«Настоящая жизнь человечья…»
№ 7 (29), октябрь 2001
Сейчас мало кто в нашей стране представляет себе характер китайской национальной музыки. Изредка впечатления о ней мы получаем через телевидение (в основном, через китайские фильмы, которые, кстати, не частые гости на нашем экране), а избранные черпают свои представления из произведений китайского композитора Цзо Чжэньгуаня, чья музыка представляет собой искусный и довольно органичный синтез европейского музыкального академизма и китайской национальной интонационности.
Мне посчастливилось побывать в Китае, даже жить там и окунуться в стихию китайской жизни, где музыка является неотъемлемой ее частью еще с незапамятных времен. Многое сейчас изменилось в Китае — молодежь тянется к европейской музыке, a китайские композиторы осуществляют естественный (а иногда и сверхъестественный) «сплав» китайской мелодики и европейской гармонии или той или иной техники. Когда используются тембры народных инструментов, часто получаются довольно интересные вещи. Но сама по себе китайская музыкальная культура, и, прежде всего, народное музыкальное творчество, — безусловный феномен в мировой истории музыки. Она ни в коем случае не менее, а, быть может, и более глубока, чем европейская музыка. Музыка эта воспринималась китайцами многие века назад, воспринимается ими и сейчас как нечто незыблемое и вечное. Чистота ее сохранила тысячелетнюю первозданность; и дело тут не в какой-то слепой приверженности к законам старины, а в действительно вечном характере музыки, ее мелодике, тембре и ощущении времени. Этот вечный характер и предопределяет то, что китайская музыка не нуждалась и не нуждается в значительной эволюции.

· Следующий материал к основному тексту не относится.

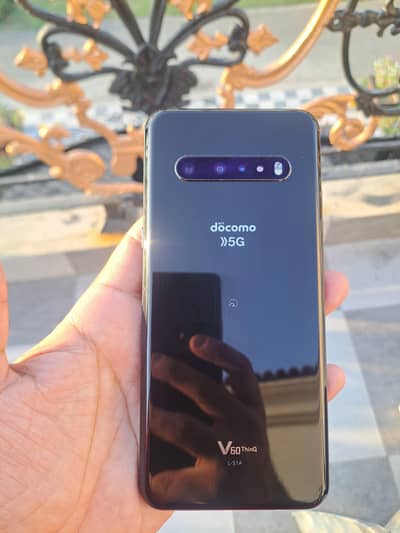Lg v60 PTA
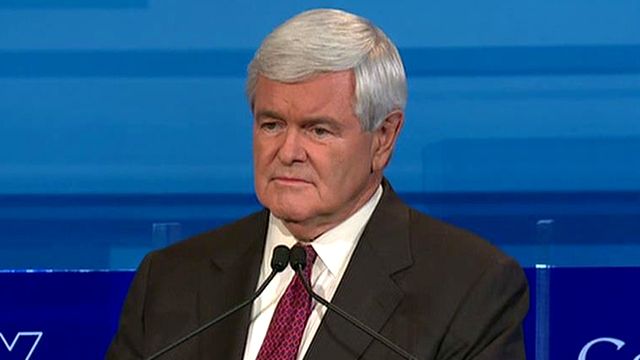 Tea Party Group Endorses Gingrich for President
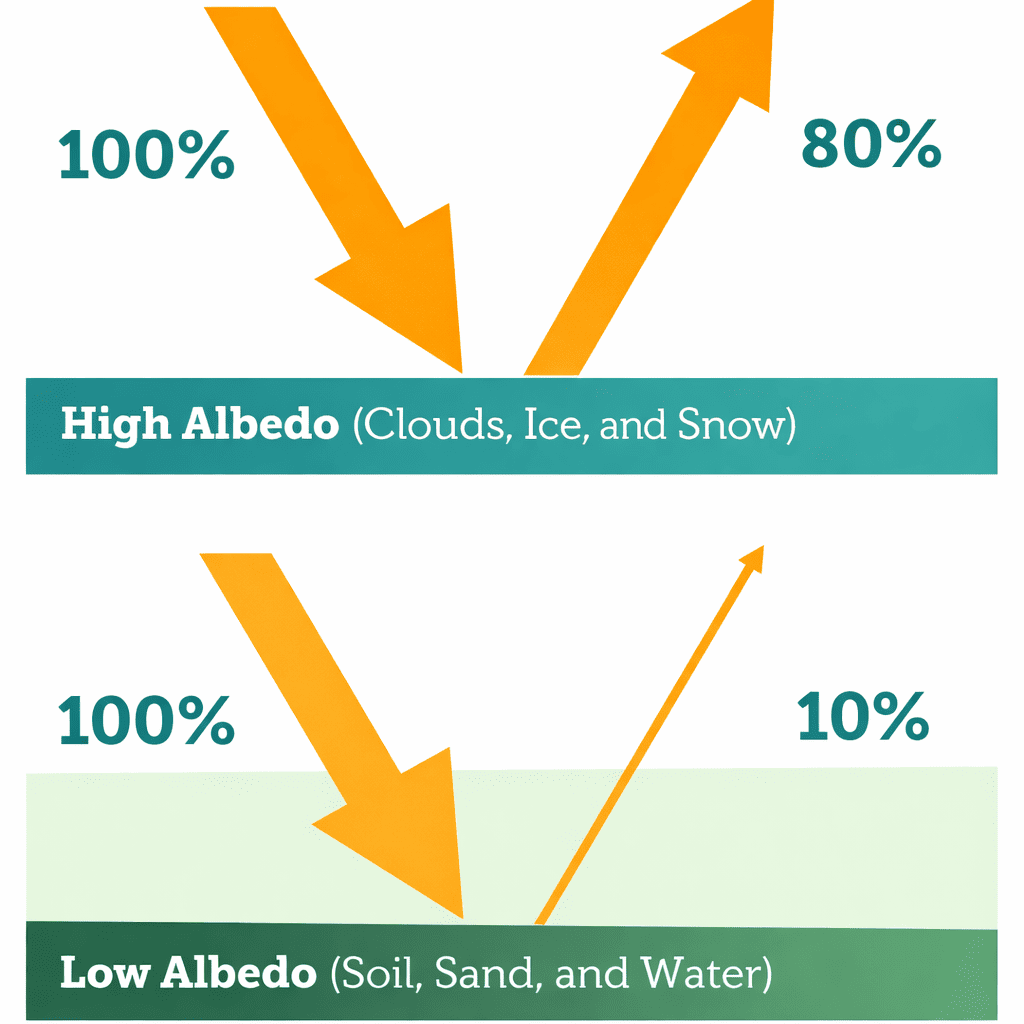 albedo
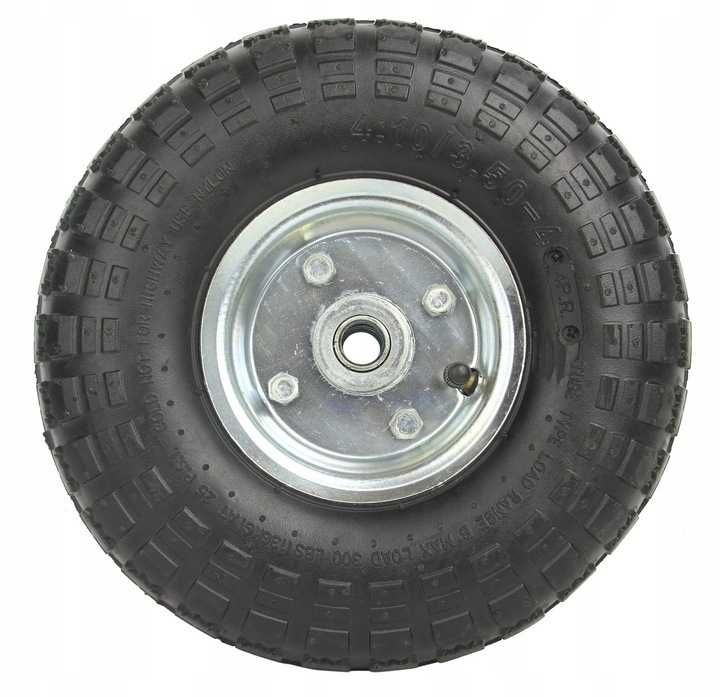 Колесо для тачки ,діаметр  260 мм  товщина 80 мм

M85222/16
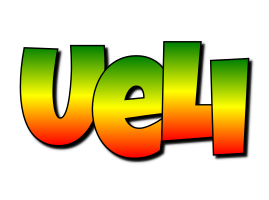 Ueli mango logo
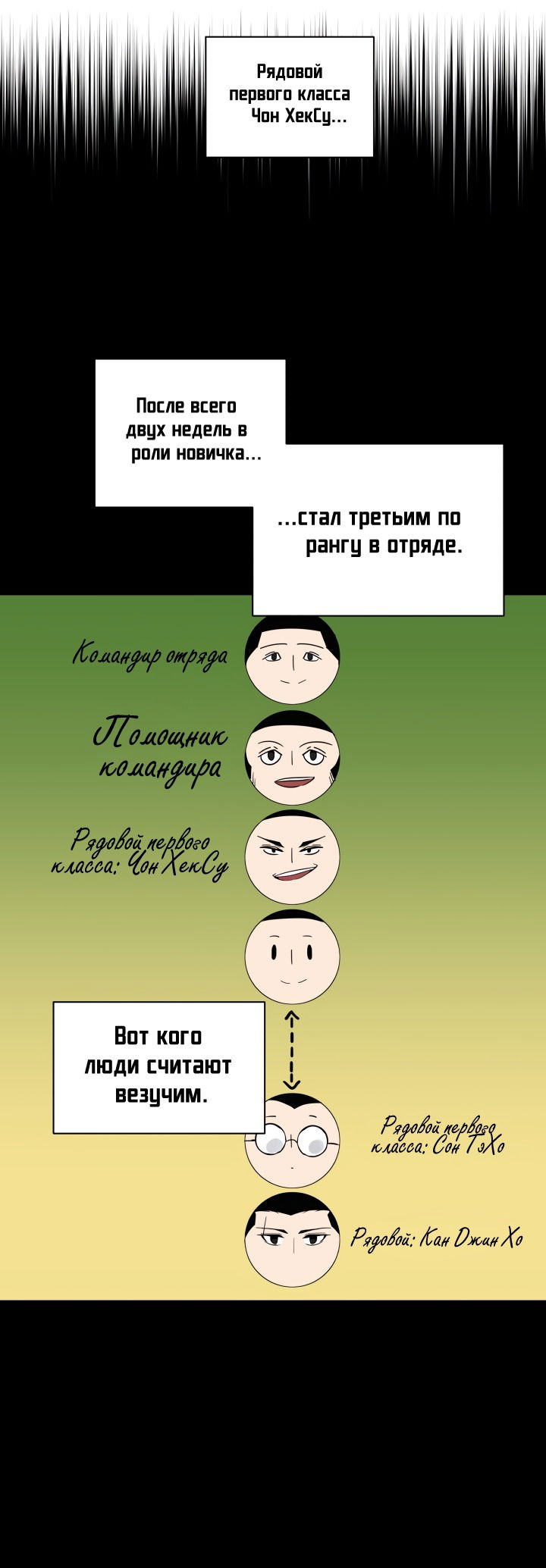 Манга Нисхождение демонического мастера - Глава 40 Страница 29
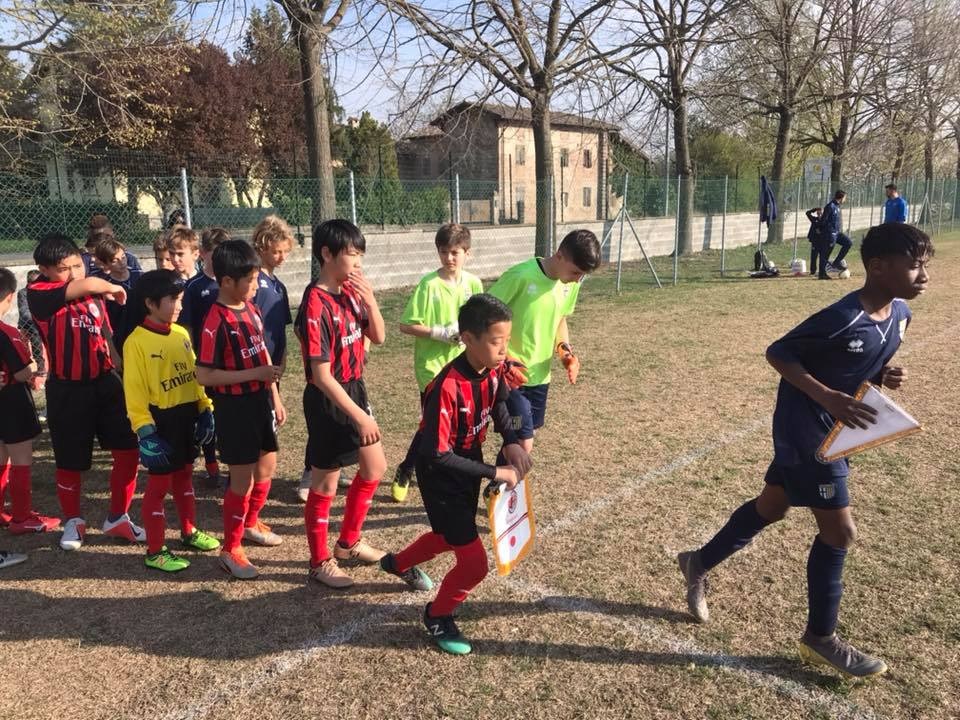 イタリア遠征 2019 レポート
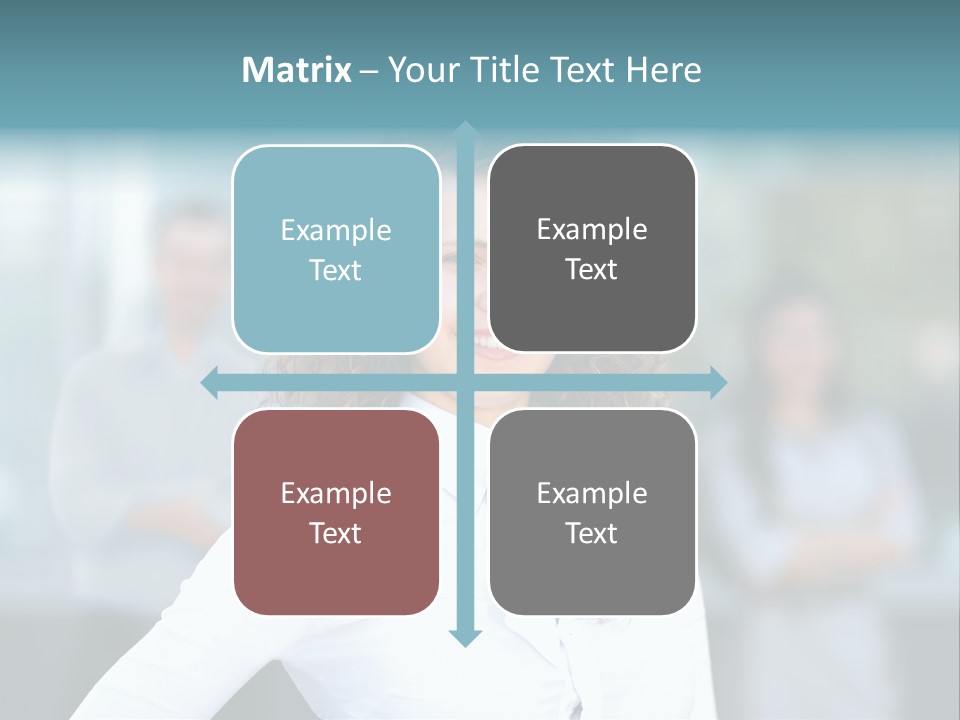Young Contemporary Career PowerPoint Template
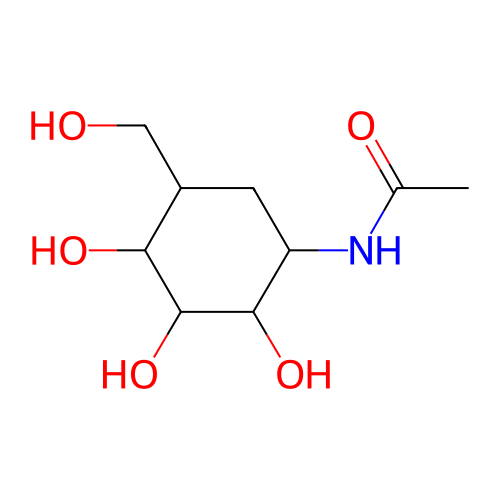 Chemical structure of BindingDB Monomer ID 50153478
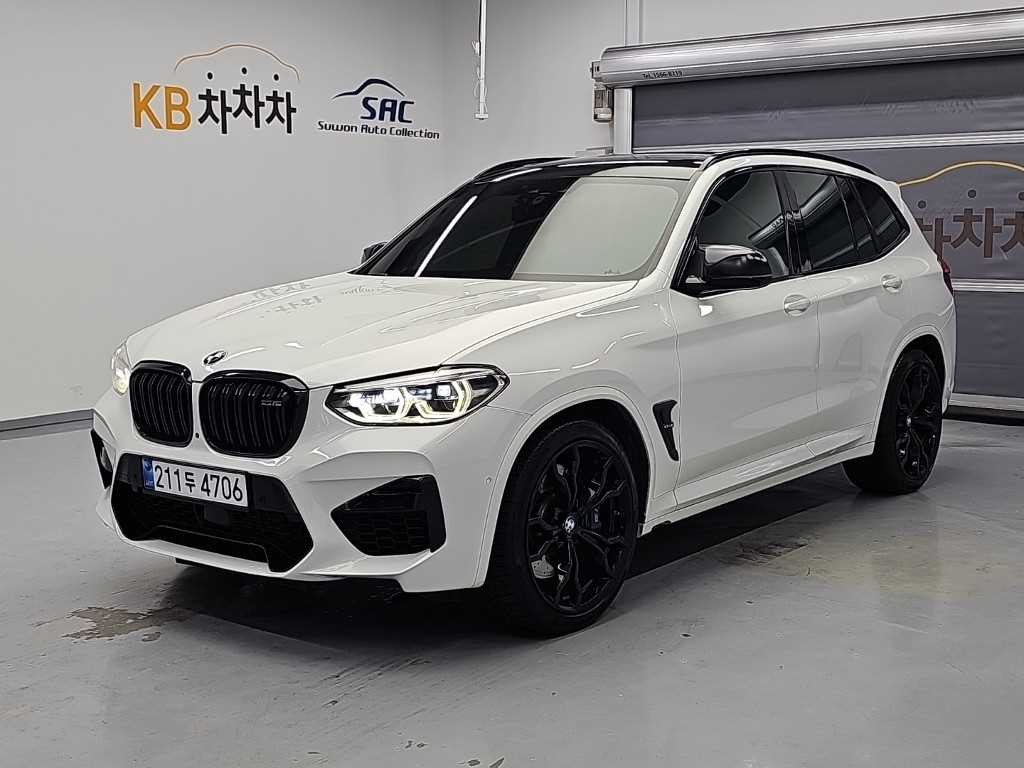 BMW X3M X3M (G01) 3.0 이미지 2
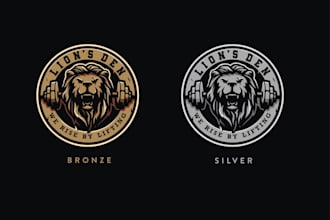 design awesome fitness gym logo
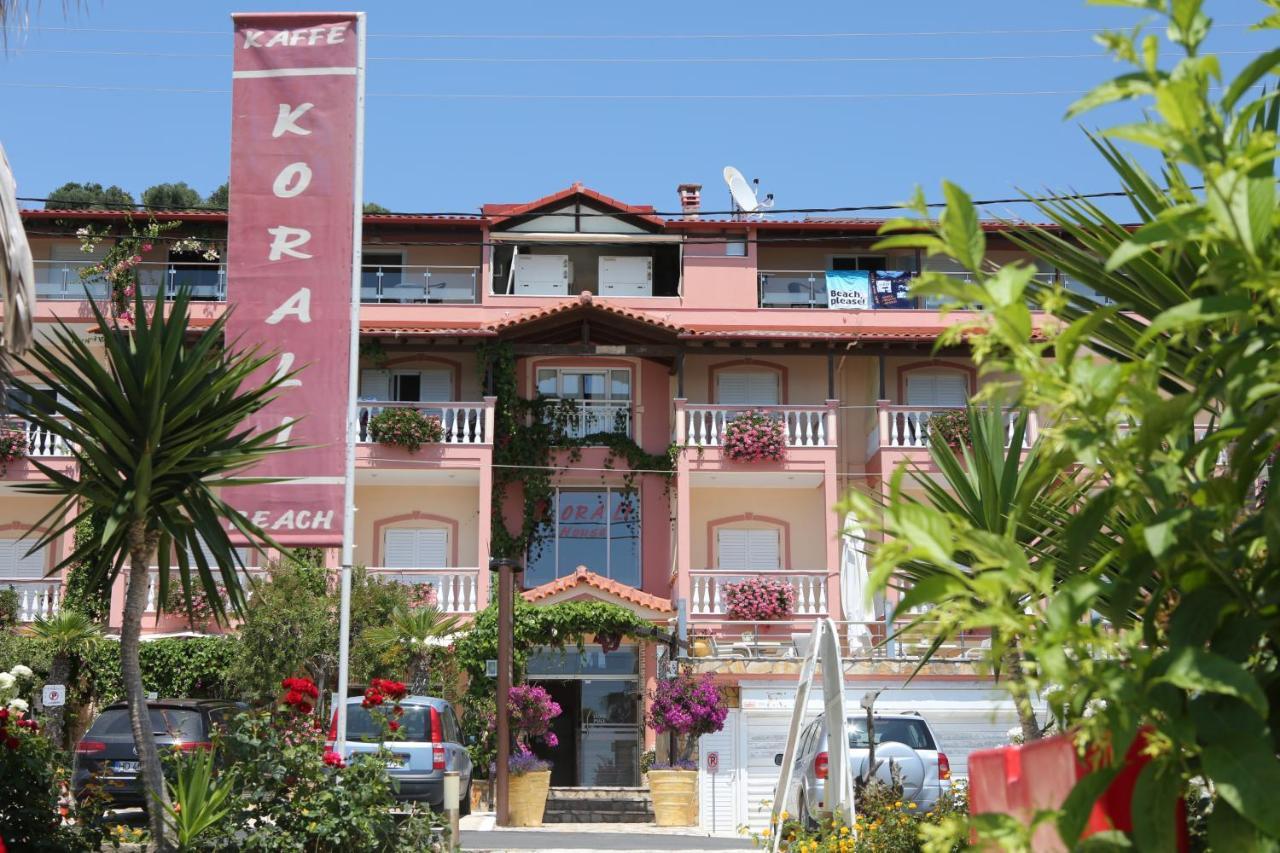 Korali House Apartment Paralia Vrachou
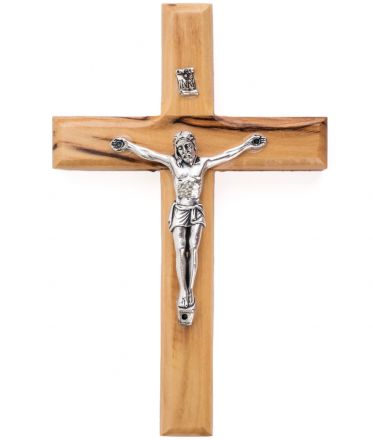 image:Image Kříž na zeď s korpusem 12 cm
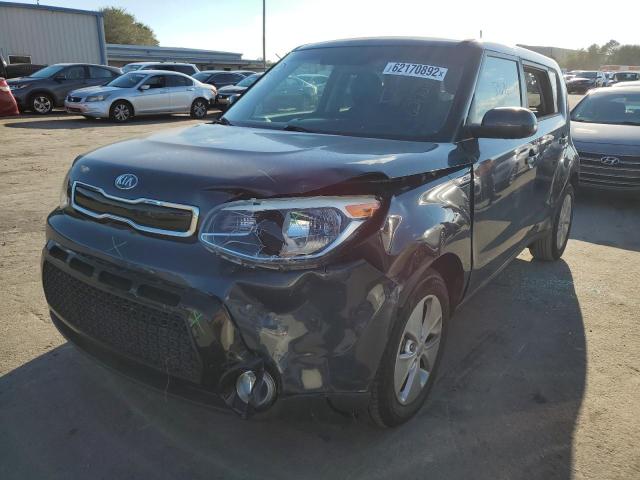 Photo 1 VIN: KNDJP3A56G7288197 - KIA SOUL + 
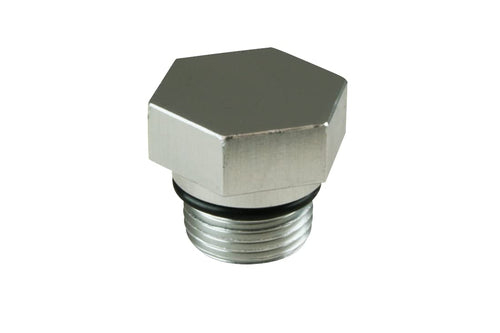 OIL PAN DRAIN PLUG, HEX DRAIN PLUG, 3/4-16 DEEP O RING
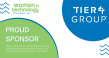 Tier4 Group Expands Commitment to Diversity in Tech as an Official Sponsor of Women in Technology Wisconsin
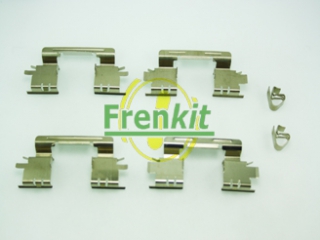 901613 FRENKIT - Установочный набор тормозных колодок - Autoyamato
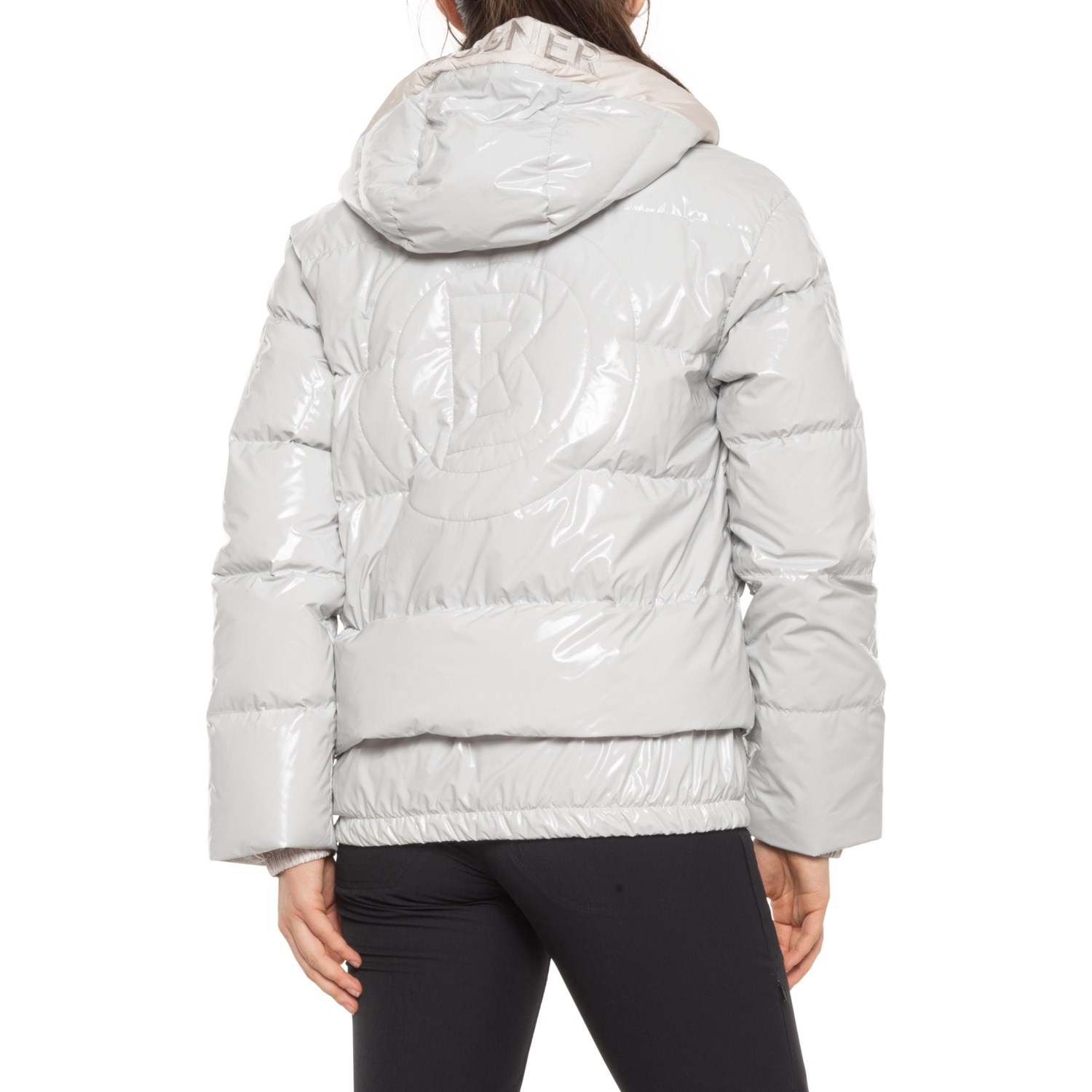 bomber ski jacket womens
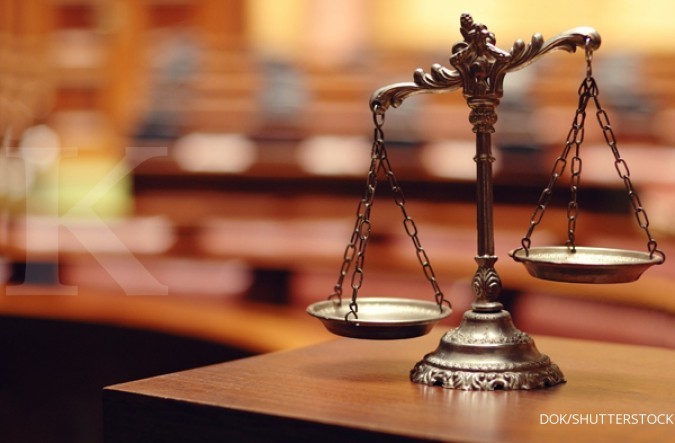 Sidang Korupsi DTT, Hakim Periksa Dua Anak Bupati Pelalawan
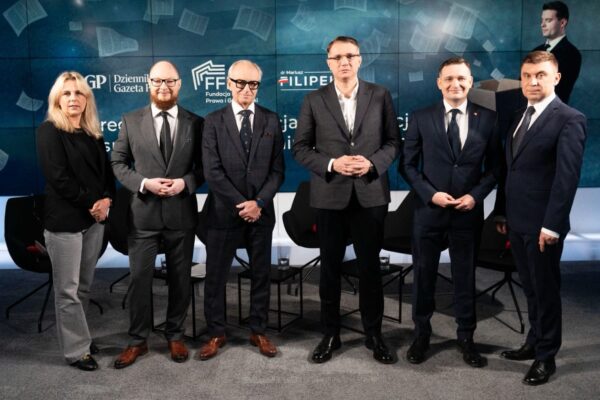 Deregulacyjny bój o konkurencyjność polskiej gospodarki. Debata ekspercka w DGP.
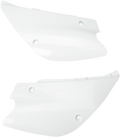 ACERBIS Side Panels - White 2043400002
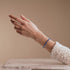 Azure | Faceted Prisma Bracelet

Эта чистота сохранилась, а точнее, просто существует и в фольклоре. Первозданной красотой может гордиться наш фольклор и фольклор многих стран, где он только еще есть. Но специфика китайской музыки в том, что чистота эта присуща как фольклору, так и музыке, считавшейся элитной и аристократичной. Безусловно, эта чистота и роднит обе ветви (профессиональную и фольклорную). И даже это показывает, насколько гармонична и глубока, но вместе с тем проста жизнь китайцев.
Высшая ценность этой музыки заключается именно в ее общечеловеческом аспекте. Мы, русские, тоже соприкасаемся с этой подлинностью истоков, которая очень долго держалась у нас во всей музыкальной культуре, а со временем осталась только в фольклоре. И тем не менее, мы можем воспринимать чистоту китайской музыки и слышать в ней что-то свое, а точнее — общечеловеческое; не надо говорить: «китайцы — это китайцы, русские — это русские». Только послушайте внимательно звуки циня, колокольную музыку или русский северный плач, — и поймете, что «настоящая жизнь человечья» (Н. Гумилев) — здесь.